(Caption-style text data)

■ ■ ■

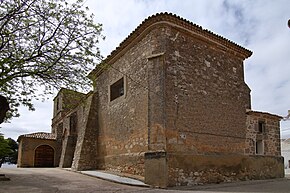 Igreja Parroquial de La Hinojosa.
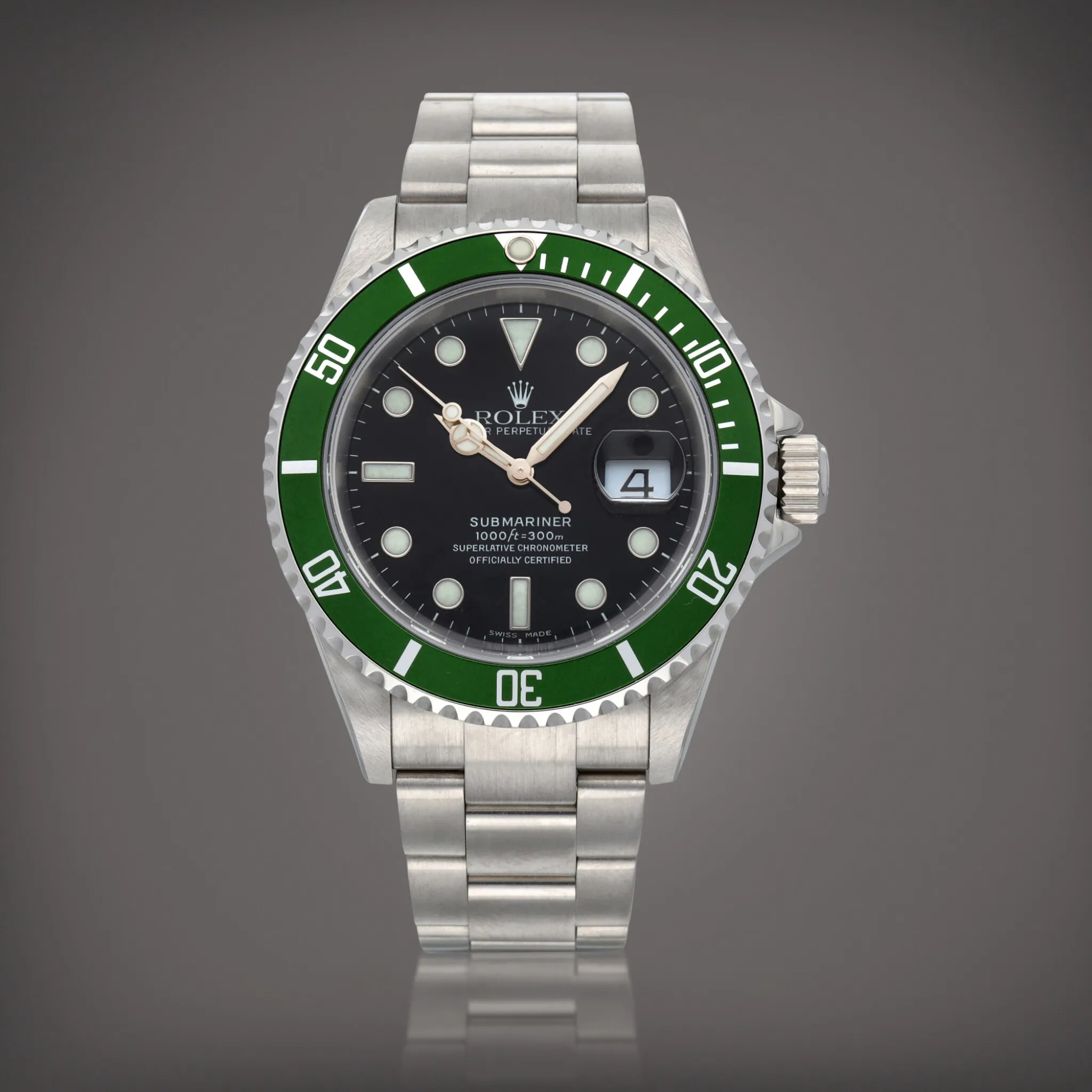 Rolex Submariner 16610LV 40mm Stainless steel Black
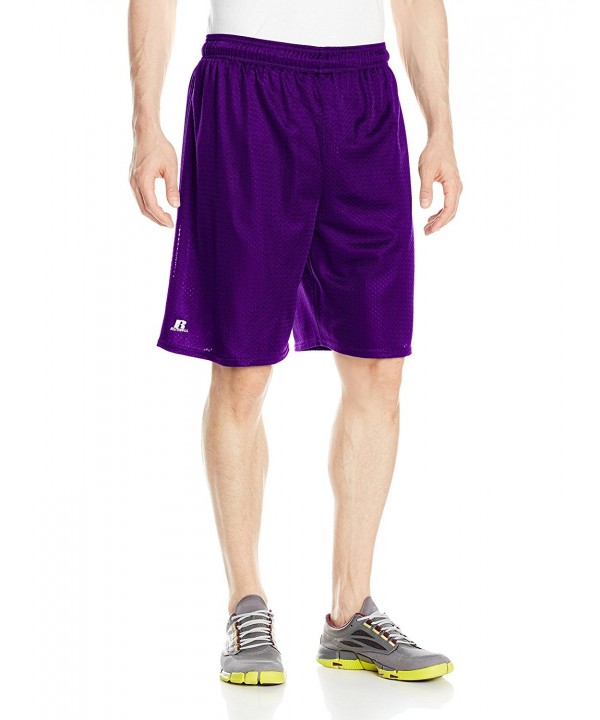 Russell Athletic Shorts Pockets Purple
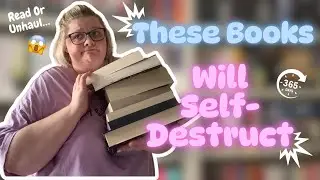 These Books Will Self Destruct In 12 Months | 2025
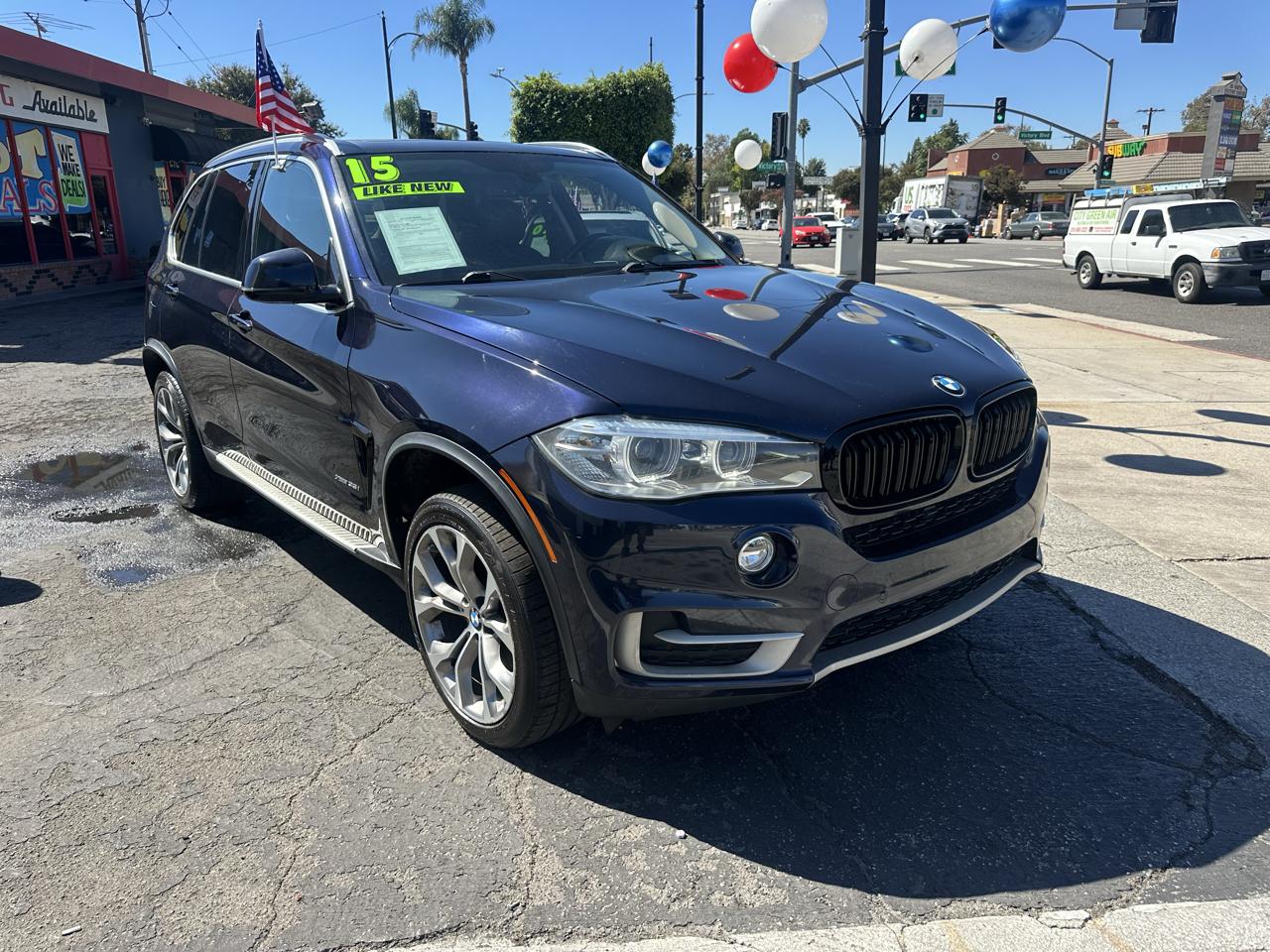 BMW X5 AWD 4dr xDrive35i 2015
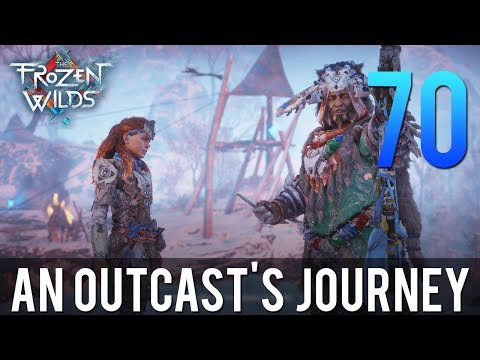 [70] An Outcast's Journey (Let's Play Horizon Zero Dawn: The Frozen Wilds DLC w/ GaLm)
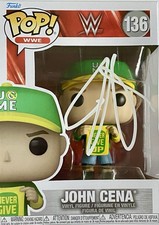 WWE JOHN CENA AUTOGRAFO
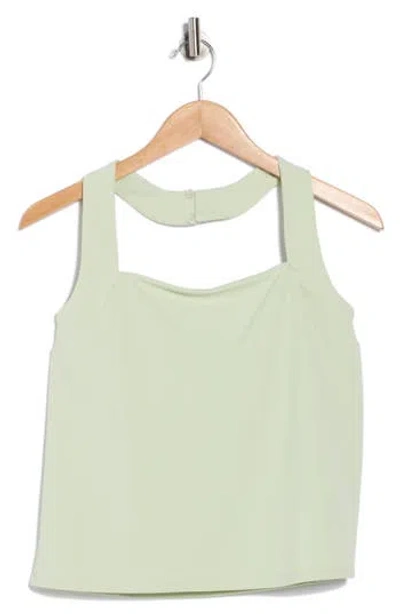 Halogen ® Square Neck Halter Top In Green
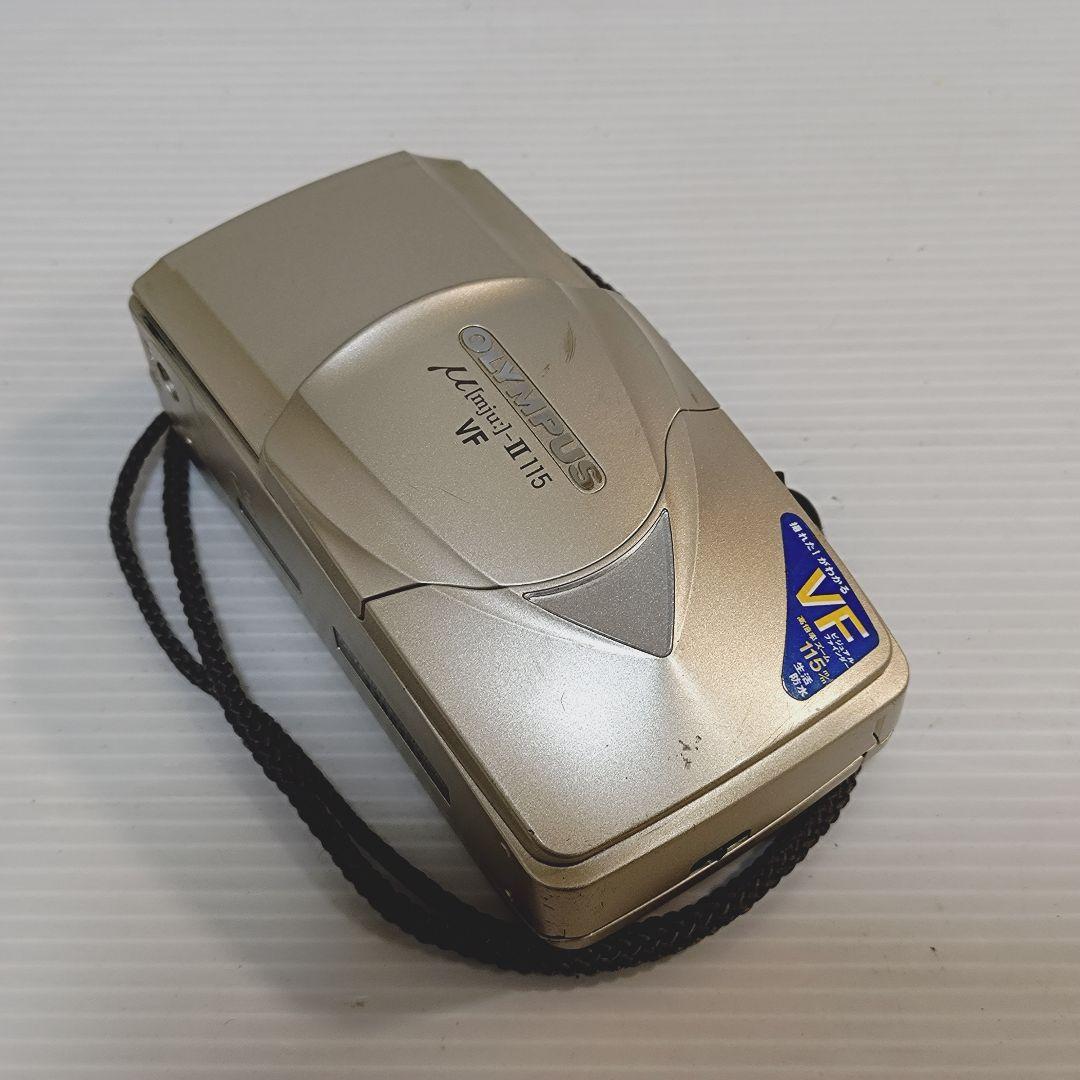 【動作確認ＯＫ】OLYMPUS　μ-2 115 VF ミュー　mju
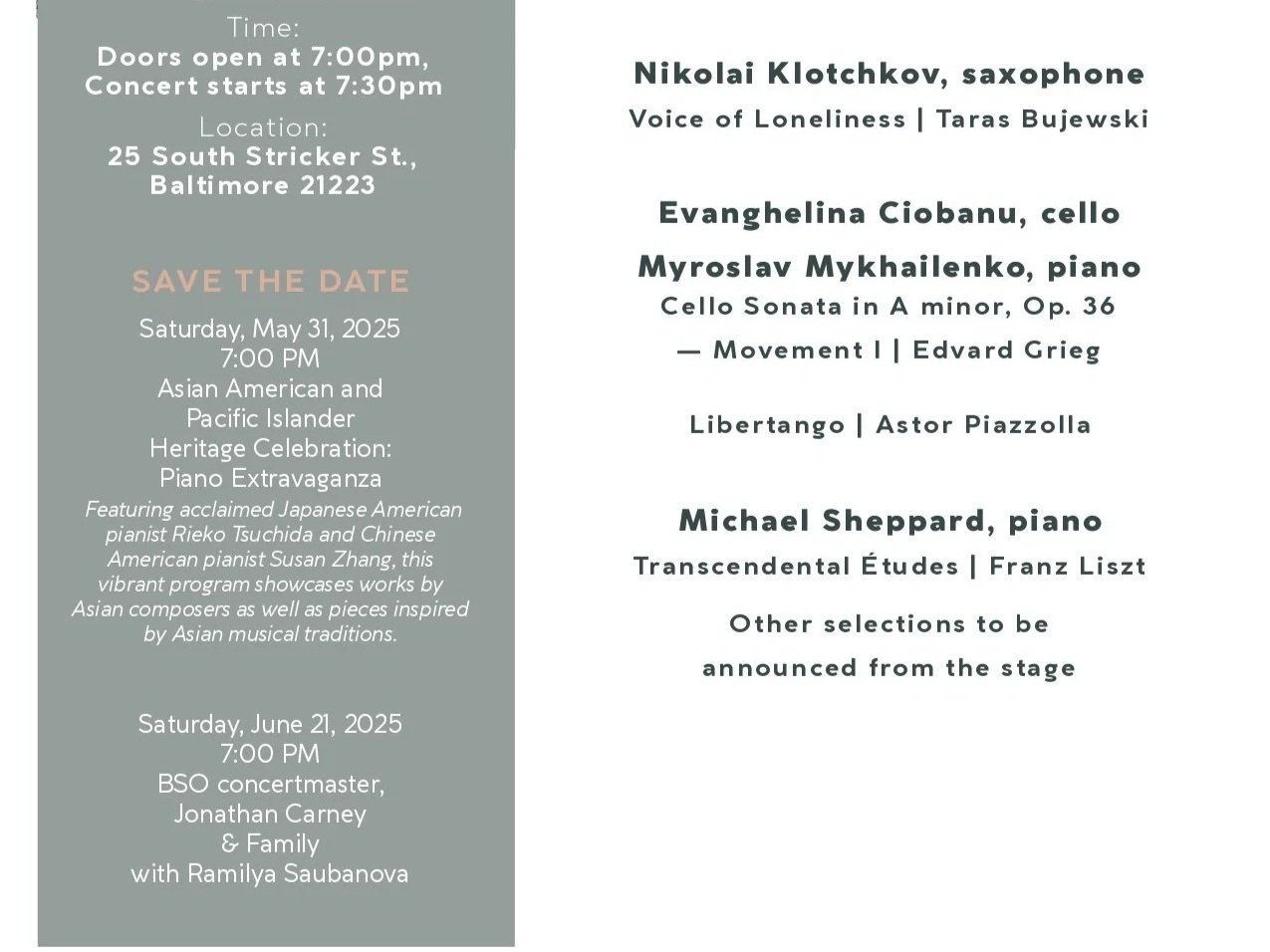 A Night For Art Without Borders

■ ■ ■

Task description: When you transcribe the lines above, keep every word exact but leave the pictures behind.

Response box:
 Igreja Parroquial de La Hinojosa.
 Rolex Submariner 16610LV 40mm Stainless steel Black
 Russell Athletic Shorts Pockets Purple
 These Books Will Self Destruct In 12 Months | 2025
 BMW X5 AWD 4dr xDrive35i 2015
 [70] An Outcast's Journey (Let's Play Horizon Zero Dawn: The Frozen Wilds DLC w/ GaLm)
 WWE JOHN CENA AUTOGRAFO
 Halogen ® Square Neck Halter Top In Green
 【動作確認ＯＫ】OLYMPUS　μ-2 115 VF ミュー　mju
 A Night For Art Without Borders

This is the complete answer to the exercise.